What the task asks:
Look through the records below for the line with "Celia Thaxter's garden on Appledore" and the line with "Ein Baby Waschbär", then return those lines and all lines between, exactly.

Provided entries:

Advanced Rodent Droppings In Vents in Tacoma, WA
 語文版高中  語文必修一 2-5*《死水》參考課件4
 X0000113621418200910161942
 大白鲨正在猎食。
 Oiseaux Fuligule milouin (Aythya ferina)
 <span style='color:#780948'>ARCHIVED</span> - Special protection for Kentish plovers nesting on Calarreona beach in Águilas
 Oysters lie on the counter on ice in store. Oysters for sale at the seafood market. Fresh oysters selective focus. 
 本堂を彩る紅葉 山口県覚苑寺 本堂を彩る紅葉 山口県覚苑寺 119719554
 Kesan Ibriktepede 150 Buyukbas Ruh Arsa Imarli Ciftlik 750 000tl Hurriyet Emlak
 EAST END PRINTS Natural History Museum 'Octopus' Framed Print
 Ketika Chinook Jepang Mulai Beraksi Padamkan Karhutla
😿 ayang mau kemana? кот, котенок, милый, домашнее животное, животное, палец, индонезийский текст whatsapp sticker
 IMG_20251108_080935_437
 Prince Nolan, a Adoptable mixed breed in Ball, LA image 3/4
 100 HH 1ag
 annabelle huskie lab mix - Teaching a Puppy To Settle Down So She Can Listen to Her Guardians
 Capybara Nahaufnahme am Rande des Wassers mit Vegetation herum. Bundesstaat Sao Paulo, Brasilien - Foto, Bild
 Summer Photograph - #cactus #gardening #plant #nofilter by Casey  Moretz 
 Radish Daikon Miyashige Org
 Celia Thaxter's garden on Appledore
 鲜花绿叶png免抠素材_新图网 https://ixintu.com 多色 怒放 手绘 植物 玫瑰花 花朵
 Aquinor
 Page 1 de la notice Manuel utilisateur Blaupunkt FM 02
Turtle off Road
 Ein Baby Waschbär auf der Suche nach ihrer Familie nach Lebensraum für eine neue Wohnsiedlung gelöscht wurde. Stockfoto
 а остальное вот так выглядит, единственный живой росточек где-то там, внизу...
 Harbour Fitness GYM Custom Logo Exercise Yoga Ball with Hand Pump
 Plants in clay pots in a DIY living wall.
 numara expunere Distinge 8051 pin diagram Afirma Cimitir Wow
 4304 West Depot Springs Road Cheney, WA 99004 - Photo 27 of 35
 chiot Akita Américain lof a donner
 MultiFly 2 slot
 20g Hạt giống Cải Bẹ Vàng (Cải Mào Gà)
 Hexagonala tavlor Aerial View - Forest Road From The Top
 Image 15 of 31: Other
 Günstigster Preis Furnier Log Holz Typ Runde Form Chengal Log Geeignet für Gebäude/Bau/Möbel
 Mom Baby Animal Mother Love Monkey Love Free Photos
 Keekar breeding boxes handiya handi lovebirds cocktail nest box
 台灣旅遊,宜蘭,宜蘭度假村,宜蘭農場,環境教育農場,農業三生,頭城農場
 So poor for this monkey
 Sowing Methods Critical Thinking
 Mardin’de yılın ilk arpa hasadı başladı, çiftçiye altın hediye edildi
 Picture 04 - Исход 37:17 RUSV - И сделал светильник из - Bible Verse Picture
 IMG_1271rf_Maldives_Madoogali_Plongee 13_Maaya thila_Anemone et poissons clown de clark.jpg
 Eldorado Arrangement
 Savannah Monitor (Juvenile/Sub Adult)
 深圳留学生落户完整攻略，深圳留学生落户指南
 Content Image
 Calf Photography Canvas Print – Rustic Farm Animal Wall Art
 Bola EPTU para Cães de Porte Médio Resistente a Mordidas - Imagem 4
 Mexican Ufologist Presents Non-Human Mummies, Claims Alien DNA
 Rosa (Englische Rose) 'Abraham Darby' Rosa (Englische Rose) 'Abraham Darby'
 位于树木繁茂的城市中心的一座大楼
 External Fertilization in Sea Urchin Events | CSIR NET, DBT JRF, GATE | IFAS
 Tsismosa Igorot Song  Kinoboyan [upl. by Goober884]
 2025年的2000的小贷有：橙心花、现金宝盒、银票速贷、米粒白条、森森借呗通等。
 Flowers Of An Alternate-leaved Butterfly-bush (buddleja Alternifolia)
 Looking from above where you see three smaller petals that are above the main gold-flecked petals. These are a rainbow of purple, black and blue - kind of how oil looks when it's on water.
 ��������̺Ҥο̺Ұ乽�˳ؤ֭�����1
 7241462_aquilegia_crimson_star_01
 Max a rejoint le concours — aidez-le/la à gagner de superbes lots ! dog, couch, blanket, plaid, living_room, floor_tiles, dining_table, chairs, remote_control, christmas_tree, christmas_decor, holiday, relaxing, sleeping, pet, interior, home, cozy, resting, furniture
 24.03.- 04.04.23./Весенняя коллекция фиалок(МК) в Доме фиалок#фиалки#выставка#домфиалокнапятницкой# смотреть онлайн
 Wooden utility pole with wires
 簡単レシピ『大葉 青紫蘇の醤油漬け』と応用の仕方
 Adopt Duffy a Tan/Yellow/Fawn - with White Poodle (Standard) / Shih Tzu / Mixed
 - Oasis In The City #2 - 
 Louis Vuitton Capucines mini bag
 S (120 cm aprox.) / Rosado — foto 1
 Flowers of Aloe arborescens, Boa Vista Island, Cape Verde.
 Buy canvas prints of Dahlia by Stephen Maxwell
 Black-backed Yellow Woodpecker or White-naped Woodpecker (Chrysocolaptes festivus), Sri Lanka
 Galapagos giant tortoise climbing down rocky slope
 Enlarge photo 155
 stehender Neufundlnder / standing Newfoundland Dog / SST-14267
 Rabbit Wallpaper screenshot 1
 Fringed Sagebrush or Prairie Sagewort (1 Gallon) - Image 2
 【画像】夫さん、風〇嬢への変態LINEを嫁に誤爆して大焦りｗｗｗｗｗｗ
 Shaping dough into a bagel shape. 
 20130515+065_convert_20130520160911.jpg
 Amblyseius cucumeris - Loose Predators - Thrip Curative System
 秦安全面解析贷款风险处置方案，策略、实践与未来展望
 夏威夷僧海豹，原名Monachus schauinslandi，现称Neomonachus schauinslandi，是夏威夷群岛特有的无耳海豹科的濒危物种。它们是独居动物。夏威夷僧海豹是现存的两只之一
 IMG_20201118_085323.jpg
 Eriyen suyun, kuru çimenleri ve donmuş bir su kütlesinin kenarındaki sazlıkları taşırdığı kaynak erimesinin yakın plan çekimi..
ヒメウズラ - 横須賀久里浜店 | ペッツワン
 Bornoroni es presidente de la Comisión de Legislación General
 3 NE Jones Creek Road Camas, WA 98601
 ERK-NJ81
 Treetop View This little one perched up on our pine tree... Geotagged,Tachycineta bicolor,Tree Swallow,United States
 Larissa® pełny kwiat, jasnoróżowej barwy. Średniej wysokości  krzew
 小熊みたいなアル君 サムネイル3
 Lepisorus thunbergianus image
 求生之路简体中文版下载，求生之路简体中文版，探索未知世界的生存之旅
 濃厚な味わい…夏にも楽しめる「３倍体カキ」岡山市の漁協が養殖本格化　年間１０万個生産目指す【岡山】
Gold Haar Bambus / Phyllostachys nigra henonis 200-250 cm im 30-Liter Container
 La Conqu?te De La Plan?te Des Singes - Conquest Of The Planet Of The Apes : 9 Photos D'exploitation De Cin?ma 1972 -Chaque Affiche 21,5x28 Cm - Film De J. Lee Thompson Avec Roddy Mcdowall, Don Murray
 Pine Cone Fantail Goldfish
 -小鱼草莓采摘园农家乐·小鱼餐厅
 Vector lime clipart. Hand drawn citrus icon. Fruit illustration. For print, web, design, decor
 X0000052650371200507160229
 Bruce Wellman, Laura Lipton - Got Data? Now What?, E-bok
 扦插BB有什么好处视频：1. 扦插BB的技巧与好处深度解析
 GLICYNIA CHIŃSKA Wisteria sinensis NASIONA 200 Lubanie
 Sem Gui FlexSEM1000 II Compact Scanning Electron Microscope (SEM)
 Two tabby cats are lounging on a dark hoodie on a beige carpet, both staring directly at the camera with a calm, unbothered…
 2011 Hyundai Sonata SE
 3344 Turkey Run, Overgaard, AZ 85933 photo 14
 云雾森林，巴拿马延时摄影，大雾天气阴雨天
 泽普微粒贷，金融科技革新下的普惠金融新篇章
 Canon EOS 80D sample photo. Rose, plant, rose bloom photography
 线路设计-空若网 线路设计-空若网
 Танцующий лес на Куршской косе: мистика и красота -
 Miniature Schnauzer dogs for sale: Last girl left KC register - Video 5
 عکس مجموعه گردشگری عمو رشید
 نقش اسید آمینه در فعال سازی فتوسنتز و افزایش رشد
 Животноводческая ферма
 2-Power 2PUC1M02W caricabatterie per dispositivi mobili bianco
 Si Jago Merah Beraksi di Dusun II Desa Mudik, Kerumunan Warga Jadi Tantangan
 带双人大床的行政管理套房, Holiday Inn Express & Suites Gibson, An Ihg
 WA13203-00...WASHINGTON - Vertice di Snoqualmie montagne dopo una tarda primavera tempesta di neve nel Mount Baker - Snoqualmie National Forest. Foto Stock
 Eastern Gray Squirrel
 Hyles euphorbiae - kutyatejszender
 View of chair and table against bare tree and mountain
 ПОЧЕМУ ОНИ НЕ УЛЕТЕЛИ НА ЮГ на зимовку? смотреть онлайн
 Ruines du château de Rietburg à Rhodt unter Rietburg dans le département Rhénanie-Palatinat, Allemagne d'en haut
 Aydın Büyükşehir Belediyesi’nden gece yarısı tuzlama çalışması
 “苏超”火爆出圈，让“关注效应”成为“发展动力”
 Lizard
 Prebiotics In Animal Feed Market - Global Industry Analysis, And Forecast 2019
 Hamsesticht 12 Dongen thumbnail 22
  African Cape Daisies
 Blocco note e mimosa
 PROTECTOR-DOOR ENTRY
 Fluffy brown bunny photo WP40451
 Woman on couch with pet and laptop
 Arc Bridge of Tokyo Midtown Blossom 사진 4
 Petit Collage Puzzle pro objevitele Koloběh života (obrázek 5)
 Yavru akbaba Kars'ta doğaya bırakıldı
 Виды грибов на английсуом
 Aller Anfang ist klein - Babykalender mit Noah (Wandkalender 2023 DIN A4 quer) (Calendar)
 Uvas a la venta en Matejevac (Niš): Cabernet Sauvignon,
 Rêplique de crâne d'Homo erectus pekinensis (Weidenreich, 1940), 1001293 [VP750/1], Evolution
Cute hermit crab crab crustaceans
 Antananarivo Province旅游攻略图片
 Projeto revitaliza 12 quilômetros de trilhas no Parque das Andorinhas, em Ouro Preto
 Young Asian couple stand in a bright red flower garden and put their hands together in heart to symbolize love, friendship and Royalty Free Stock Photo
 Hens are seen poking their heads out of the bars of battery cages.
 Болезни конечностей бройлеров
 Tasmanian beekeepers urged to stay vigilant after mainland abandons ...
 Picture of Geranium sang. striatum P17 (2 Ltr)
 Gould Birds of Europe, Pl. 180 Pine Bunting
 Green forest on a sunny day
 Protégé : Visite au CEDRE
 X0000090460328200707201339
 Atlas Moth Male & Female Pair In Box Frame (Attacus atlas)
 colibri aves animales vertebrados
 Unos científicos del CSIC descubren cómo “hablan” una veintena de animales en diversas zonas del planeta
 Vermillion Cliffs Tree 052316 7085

Finished task:
 Celia Thaxter's garden on Appledore
 鲜花绿叶png免抠素材_新图网 https://ixintu.com 多色 怒放 手绘 植物 玫瑰花 花朵
 Aquinor
 Page 1 de la notice Manuel utilisateur Blaupunkt FM 02
Turtle off Road
 Ein Baby Waschbär auf der Suche nach ihrer Familie nach Lebensraum für eine neue Wohnsiedlung gelöscht wurde. Stockfoto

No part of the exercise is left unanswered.